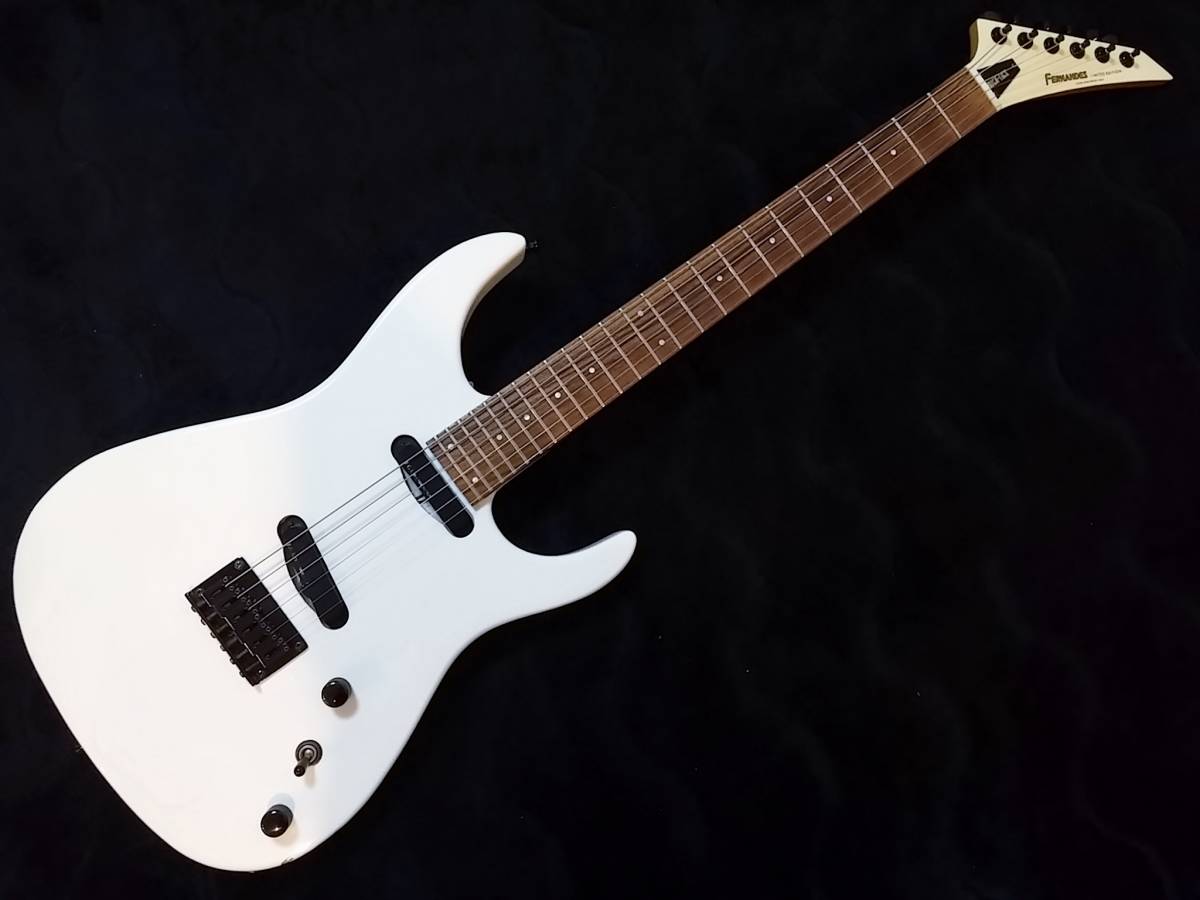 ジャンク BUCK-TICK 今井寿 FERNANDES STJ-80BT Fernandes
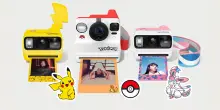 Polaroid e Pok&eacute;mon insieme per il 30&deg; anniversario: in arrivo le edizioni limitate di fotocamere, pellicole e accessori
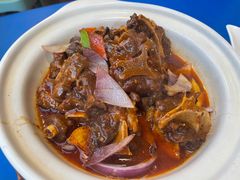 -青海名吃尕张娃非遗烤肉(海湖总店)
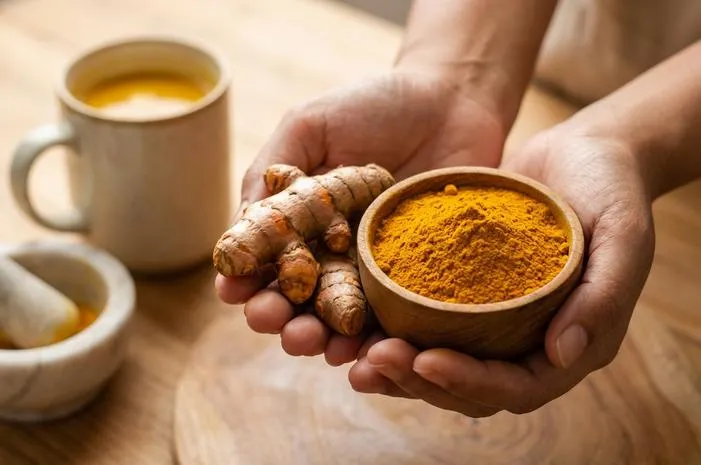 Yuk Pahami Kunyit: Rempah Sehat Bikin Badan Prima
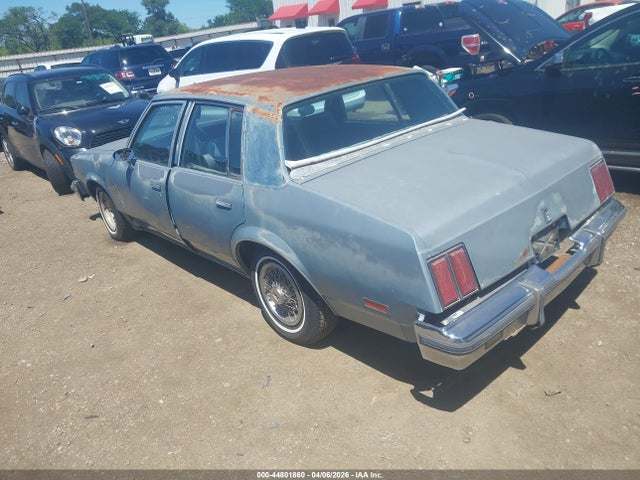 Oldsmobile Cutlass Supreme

_Exercise requirements_
Each record should be quoted exactly, with the images omitted.

_Task output_
 ジャンク BUCK-TICK 今井寿 FERNANDES STJ-80BT Fernandes
 Polaroid e Pok&eacute;mon insieme per il 30&deg; anniversario: in arrivo le edizioni limitate di fotocamere, pellicole e accessori
 -青海名吃尕张娃非遗烤肉(海湖总店)
 Yuk Pahami Kunyit: Rempah Sehat Bikin Badan Prima
 Oldsmobile Cutlass Supreme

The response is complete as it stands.